PROMPT
Which lines of the data below hold "Winter"? Copy each of them.

Stored records:
----------------

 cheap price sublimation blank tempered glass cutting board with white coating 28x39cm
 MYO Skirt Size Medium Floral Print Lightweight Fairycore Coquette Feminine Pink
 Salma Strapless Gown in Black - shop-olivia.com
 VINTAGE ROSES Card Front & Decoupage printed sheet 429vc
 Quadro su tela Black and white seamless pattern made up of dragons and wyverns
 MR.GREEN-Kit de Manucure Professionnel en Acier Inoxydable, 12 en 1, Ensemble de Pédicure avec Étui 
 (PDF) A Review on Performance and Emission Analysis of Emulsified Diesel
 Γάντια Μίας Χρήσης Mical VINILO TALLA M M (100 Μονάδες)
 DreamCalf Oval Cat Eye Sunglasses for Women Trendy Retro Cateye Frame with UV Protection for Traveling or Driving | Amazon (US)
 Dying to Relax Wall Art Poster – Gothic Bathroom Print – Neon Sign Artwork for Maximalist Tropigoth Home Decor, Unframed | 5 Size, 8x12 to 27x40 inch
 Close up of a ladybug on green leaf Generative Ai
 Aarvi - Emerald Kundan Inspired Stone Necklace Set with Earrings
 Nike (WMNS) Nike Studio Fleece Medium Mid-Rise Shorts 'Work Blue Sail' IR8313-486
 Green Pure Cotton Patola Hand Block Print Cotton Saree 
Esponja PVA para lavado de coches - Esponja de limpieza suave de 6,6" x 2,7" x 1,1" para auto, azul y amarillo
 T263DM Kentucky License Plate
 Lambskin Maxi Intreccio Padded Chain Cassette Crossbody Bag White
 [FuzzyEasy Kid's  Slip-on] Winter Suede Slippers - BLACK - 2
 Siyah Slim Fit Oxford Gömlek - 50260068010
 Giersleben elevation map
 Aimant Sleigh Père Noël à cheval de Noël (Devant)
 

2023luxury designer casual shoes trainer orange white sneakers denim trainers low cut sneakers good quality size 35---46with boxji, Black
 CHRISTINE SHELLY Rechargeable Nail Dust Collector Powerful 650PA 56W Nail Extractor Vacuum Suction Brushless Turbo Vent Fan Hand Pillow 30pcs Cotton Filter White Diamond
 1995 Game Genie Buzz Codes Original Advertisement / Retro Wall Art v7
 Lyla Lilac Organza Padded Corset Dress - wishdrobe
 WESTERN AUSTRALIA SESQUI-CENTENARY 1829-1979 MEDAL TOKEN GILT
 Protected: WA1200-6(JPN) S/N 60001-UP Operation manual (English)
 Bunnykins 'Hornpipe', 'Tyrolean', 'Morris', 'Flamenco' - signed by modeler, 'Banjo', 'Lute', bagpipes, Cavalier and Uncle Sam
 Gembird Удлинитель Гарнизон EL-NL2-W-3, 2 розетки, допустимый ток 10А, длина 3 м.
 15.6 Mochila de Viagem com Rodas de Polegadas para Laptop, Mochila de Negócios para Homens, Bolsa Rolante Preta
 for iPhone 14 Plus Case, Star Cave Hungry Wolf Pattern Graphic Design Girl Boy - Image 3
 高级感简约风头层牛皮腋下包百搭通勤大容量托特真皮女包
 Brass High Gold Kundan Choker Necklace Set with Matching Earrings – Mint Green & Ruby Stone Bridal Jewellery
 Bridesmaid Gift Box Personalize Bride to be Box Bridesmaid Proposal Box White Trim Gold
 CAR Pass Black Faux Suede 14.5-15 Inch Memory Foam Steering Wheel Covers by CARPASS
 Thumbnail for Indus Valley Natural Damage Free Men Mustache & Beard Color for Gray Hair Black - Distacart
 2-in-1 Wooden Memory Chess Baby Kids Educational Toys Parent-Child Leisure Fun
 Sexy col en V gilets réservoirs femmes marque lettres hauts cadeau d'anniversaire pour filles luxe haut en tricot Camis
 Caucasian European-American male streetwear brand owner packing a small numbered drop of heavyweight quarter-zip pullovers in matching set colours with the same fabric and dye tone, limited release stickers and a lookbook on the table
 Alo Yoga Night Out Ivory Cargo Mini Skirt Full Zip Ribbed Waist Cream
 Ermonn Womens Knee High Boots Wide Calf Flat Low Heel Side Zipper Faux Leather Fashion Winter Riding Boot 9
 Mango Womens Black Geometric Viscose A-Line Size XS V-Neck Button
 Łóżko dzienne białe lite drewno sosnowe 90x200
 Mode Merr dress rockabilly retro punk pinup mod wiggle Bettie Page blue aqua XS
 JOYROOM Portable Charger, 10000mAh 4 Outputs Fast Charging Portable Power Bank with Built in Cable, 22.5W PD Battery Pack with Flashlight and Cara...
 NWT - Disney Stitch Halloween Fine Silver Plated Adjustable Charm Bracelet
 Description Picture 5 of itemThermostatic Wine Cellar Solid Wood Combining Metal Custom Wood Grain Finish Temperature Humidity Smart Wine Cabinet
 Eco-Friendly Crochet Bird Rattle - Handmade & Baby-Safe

----------------

RESPONSE FOR THIS EXERCISE
 [FuzzyEasy Kid's  Slip-on] Winter Suede Slippers - BLACK - 2
 Ermonn Womens Knee High Boots Wide Calf Flat Low Heel Side Zipper Faux Leather Fashion Winter Riding Boot 9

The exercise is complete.